YOUR INSTRUCTIONS: Copy each entry precisely as written, and do not carry over the pictures.

┏━━

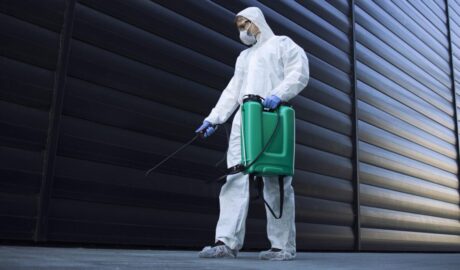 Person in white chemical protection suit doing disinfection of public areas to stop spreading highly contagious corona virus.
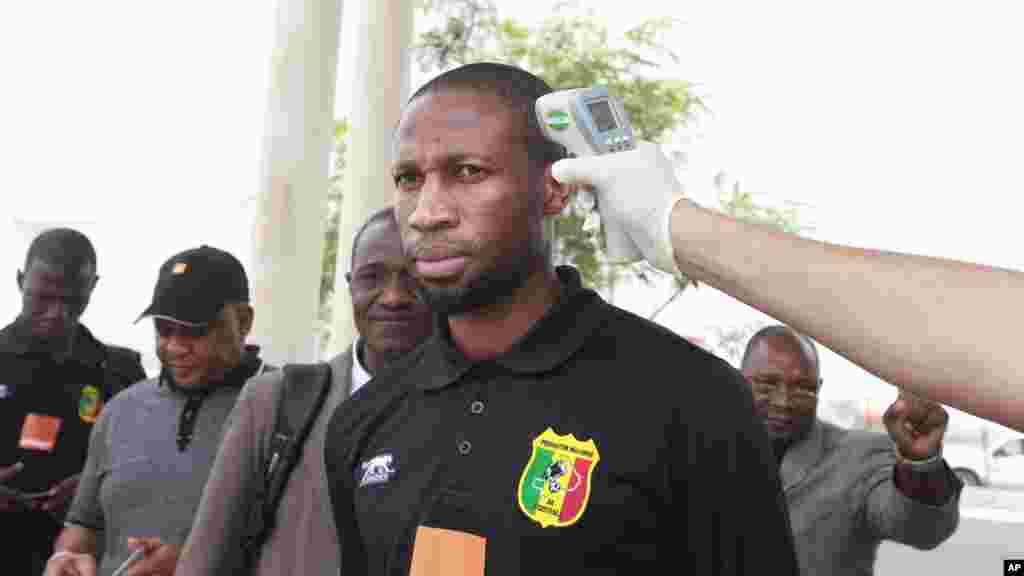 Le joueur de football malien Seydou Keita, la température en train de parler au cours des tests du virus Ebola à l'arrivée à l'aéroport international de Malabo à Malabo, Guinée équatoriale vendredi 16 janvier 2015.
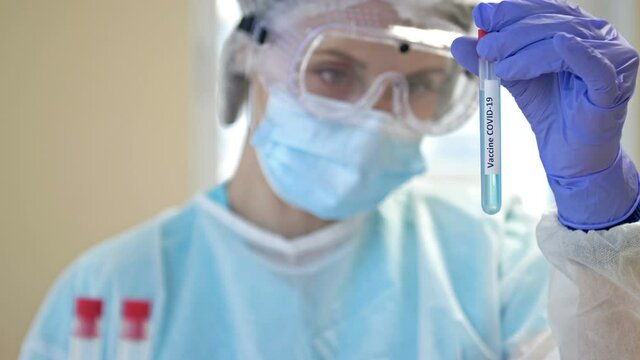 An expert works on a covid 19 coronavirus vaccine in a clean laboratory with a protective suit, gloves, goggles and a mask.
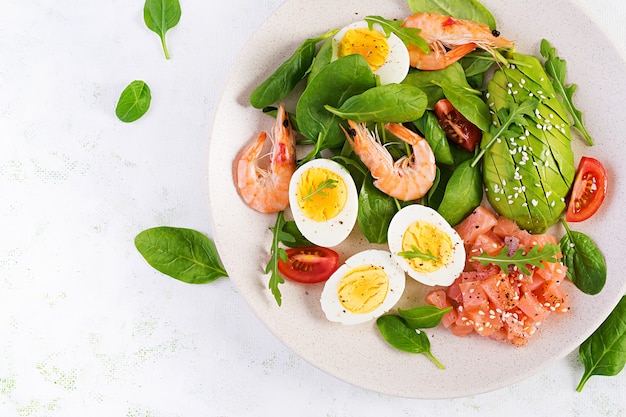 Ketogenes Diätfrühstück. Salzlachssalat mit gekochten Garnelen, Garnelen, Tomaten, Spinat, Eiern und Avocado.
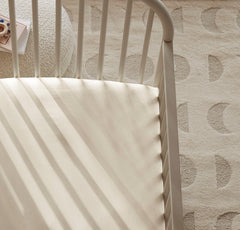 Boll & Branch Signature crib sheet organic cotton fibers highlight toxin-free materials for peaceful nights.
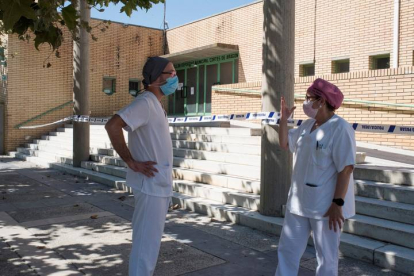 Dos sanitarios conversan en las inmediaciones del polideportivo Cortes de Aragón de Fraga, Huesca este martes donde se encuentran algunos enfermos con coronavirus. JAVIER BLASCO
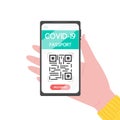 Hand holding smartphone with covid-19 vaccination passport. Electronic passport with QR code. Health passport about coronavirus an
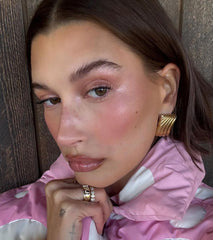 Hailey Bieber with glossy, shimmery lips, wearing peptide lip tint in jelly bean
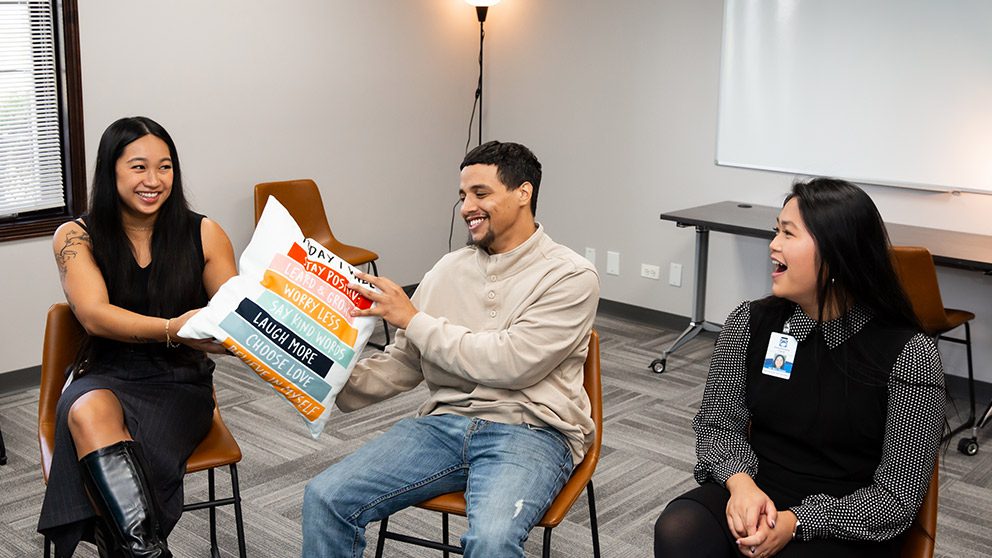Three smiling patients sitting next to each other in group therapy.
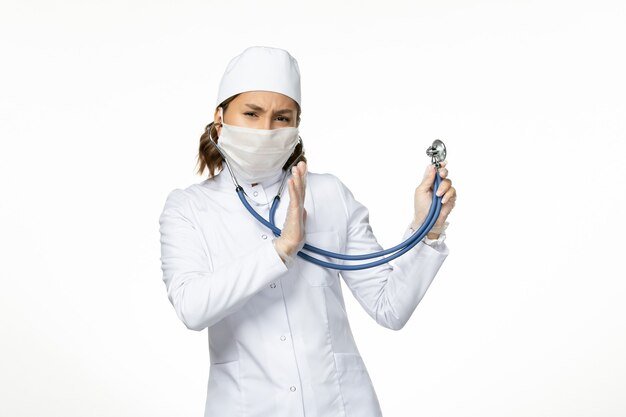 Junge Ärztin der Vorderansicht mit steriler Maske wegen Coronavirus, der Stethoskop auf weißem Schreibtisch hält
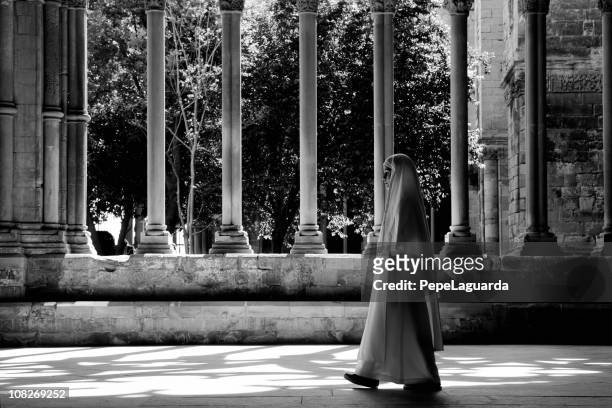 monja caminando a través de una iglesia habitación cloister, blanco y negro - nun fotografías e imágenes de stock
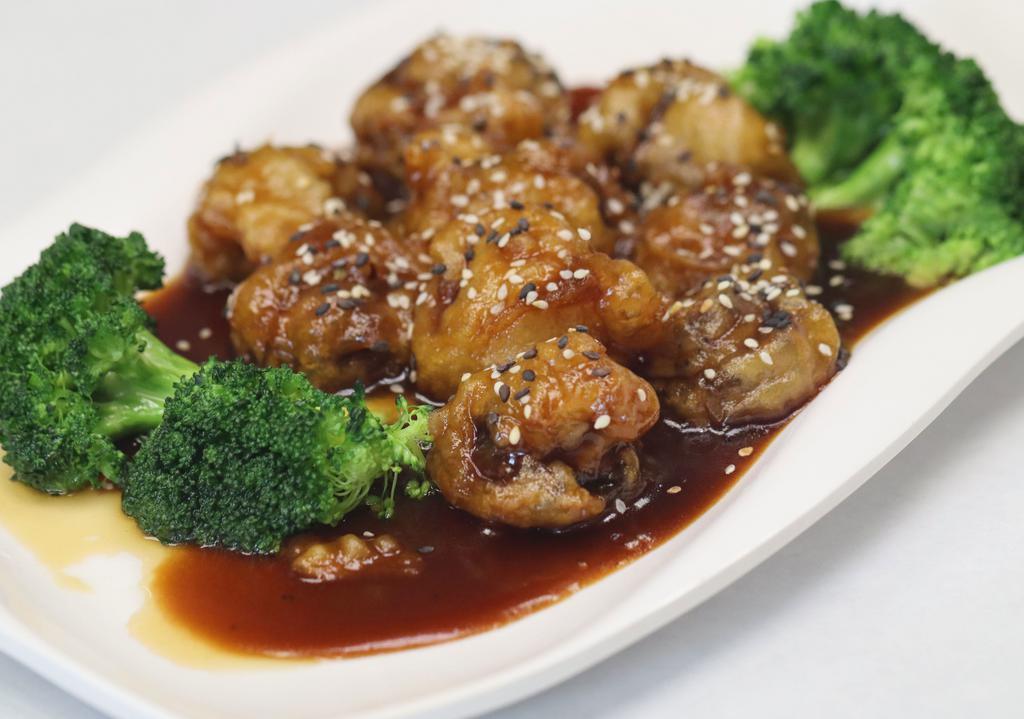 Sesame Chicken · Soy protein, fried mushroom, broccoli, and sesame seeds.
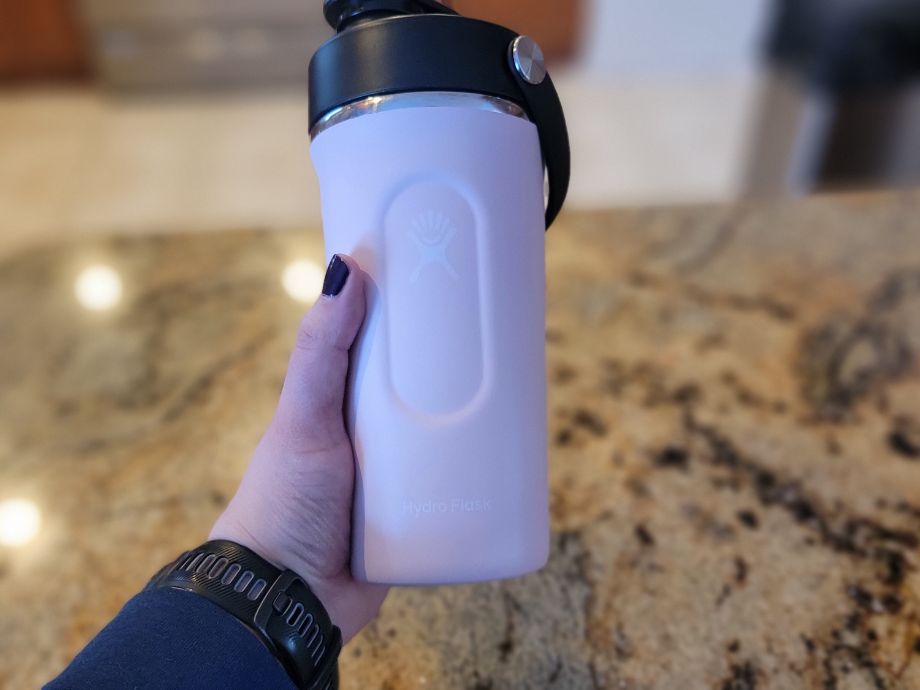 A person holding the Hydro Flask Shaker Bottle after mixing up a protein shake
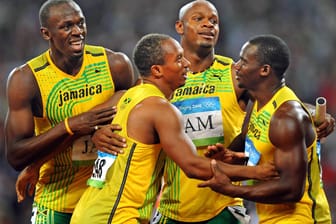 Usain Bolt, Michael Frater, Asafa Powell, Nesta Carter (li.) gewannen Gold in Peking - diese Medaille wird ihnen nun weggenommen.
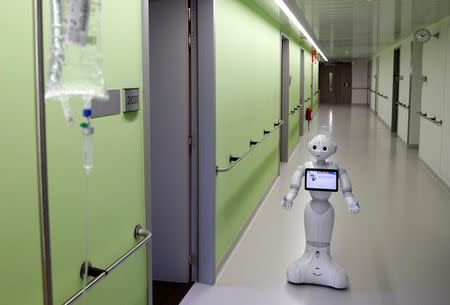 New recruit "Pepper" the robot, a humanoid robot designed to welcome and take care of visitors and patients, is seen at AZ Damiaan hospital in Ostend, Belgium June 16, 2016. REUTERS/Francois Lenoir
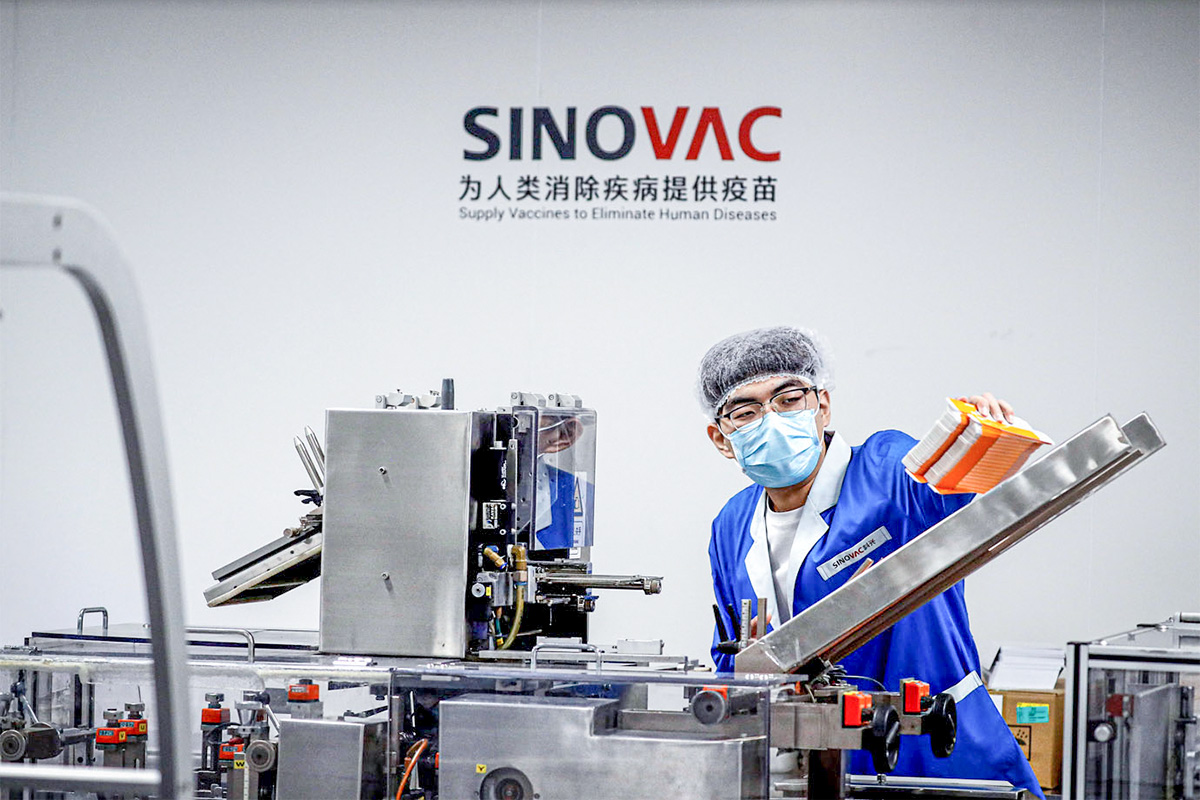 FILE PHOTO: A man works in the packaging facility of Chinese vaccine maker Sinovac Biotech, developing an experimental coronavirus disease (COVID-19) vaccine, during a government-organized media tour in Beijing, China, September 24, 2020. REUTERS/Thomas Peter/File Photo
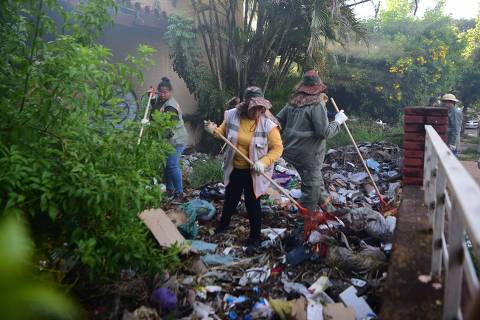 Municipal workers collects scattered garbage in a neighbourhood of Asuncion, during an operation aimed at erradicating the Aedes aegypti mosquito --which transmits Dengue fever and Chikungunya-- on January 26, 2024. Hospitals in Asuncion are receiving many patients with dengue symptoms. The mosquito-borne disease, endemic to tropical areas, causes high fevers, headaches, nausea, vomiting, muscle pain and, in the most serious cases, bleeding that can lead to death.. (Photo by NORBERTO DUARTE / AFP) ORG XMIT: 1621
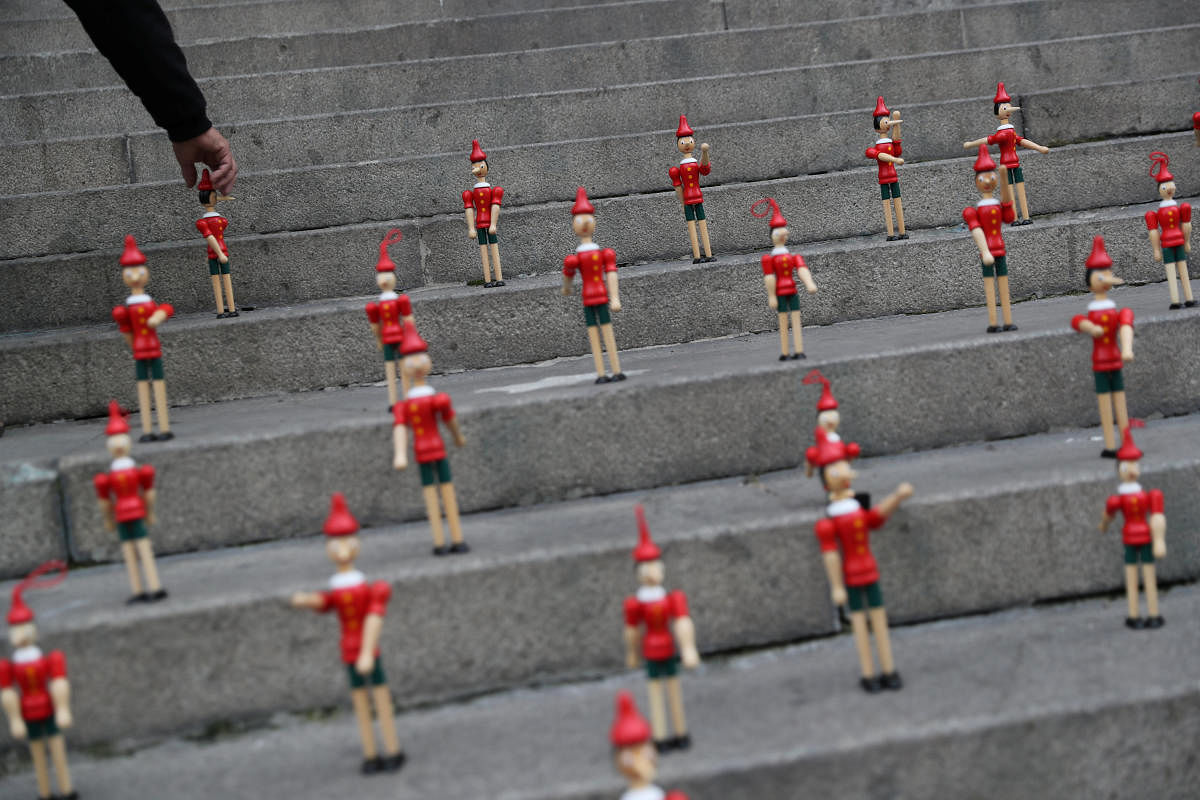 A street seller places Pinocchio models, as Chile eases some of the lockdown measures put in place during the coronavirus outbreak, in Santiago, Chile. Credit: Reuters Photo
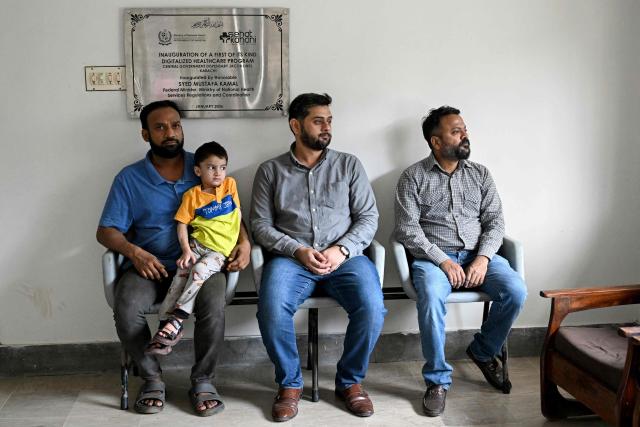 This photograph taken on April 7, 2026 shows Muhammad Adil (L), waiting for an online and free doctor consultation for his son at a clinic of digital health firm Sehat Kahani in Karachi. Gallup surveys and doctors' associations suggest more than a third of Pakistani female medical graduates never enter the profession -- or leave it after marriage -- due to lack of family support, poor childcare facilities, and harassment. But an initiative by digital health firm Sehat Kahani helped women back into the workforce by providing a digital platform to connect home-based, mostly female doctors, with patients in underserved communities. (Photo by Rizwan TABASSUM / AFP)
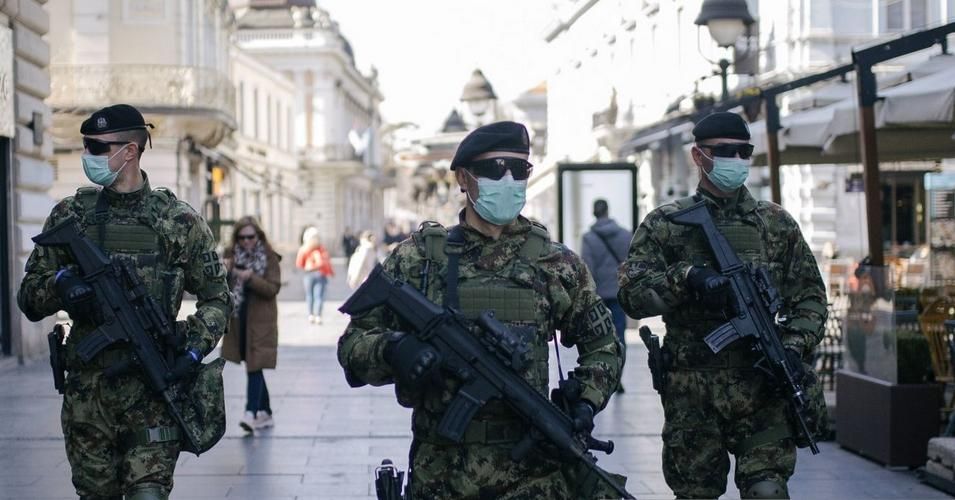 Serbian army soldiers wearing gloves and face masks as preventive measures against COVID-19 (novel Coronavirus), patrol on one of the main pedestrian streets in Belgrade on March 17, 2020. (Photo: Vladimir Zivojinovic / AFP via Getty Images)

┗━━

OUTPUT BELOW:
 Person in white chemical protection suit doing disinfection of public areas to stop spreading highly contagious corona virus.
 Le joueur de football malien Seydou Keita, la température en train de parler au cours des tests du virus Ebola à l'arrivée à l'aéroport international de Malabo à Malabo, Guinée équatoriale vendredi 16 janvier 2015.
 An expert works on a covid 19 coronavirus vaccine in a clean laboratory with a protective suit, gloves, goggles and a mask.
 Ketogenes Diätfrühstück. Salzlachssalat mit gekochten Garnelen, Garnelen, Tomaten, Spinat, Eiern und Avocado.
 Boll & Branch Signature crib sheet organic cotton fibers highlight toxin-free materials for peaceful nights.
 Dos sanitarios conversan en las inmediaciones del polideportivo Cortes de Aragón de Fraga, Huesca este martes donde se encuentran algunos enfermos con coronavirus. JAVIER BLASCO
 Hand holding smartphone with covid-19 vaccination passport. Electronic passport with QR code. Health passport about coronavirus an
 Hailey Bieber with glossy, shimmery lips, wearing peptide lip tint in jelly bean
Three smiling patients sitting next to each other in group therapy.
 Junge Ärztin der Vorderansicht mit steriler Maske wegen Coronavirus, der Stethoskop auf weißem Schreibtisch hält
 monja caminando a través de una iglesia habitación cloister, blanco y negro - nun fotografías e imágenes de stock
 Sesame Chicken · Soy protein, fried mushroom, broccoli, and sesame seeds.
 A person holding the Hydro Flask Shaker Bottle after mixing up a protein shake
 Usain Bolt, Michael Frater, Asafa Powell, Nesta Carter (li.) gewannen Gold in Peking - diese Medaille wird ihnen nun weggenommen.
 New recruit "Pepper" the robot, a humanoid robot designed to welcome and take care of visitors and patients, is seen at AZ Damiaan hospital in Ostend, Belgium June 16, 2016. REUTERS/Francois Lenoir
 FILE PHOTO: A man works in the packaging facility of Chinese vaccine maker Sinovac Biotech, developing an experimental coronavirus disease (COVID-19) vaccine, during a government-organized media tour in Beijing, China, September 24, 2020. REUTERS/Thomas Peter/File Photo
 Municipal workers collects scattered garbage in a neighbourhood of Asuncion, during an operation aimed at erradicating the Aedes aegypti mosquito --which transmits Dengue fever and Chikungunya-- on January 26, 2024. Hospitals in Asuncion are receiving many patients with dengue symptoms. The mosquito-borne disease, endemic to tropical areas, causes high fevers, headaches, nausea, vomiting, muscle pain and, in the most serious cases, bleeding that can lead to death.. (Photo by NORBERTO DUARTE / AFP) ORG XMIT: 1621
 A street seller places Pinocchio models, as Chile eases some of the lockdown measures put in place during the coronavirus outbreak, in Santiago, Chile. Credit: Reuters Photo
 This photograph taken on April 7, 2026 shows Muhammad Adil (L), waiting for an online and free doctor consultation for his son at a clinic of digital health firm Sehat Kahani in Karachi. Gallup surveys and doctors' associations suggest more than a third of Pakistani female medical graduates never enter the profession -- or leave it after marriage -- due to lack of family support, poor childcare facilities, and harassment. But an initiative by digital health firm Sehat Kahani helped women back into the workforce by providing a digital platform to connect home-based, mostly female doctors, with patients in underserved communities. (Photo by Rizwan TABASSUM / AFP)
 Serbian army soldiers wearing gloves and face masks as preventive measures against COVID-19 (novel Coronavirus), patrol on one of the main pedestrian streets in Belgrade on March 17, 2020. (Photo: Vladimir Zivojinovic / AFP via Getty Images)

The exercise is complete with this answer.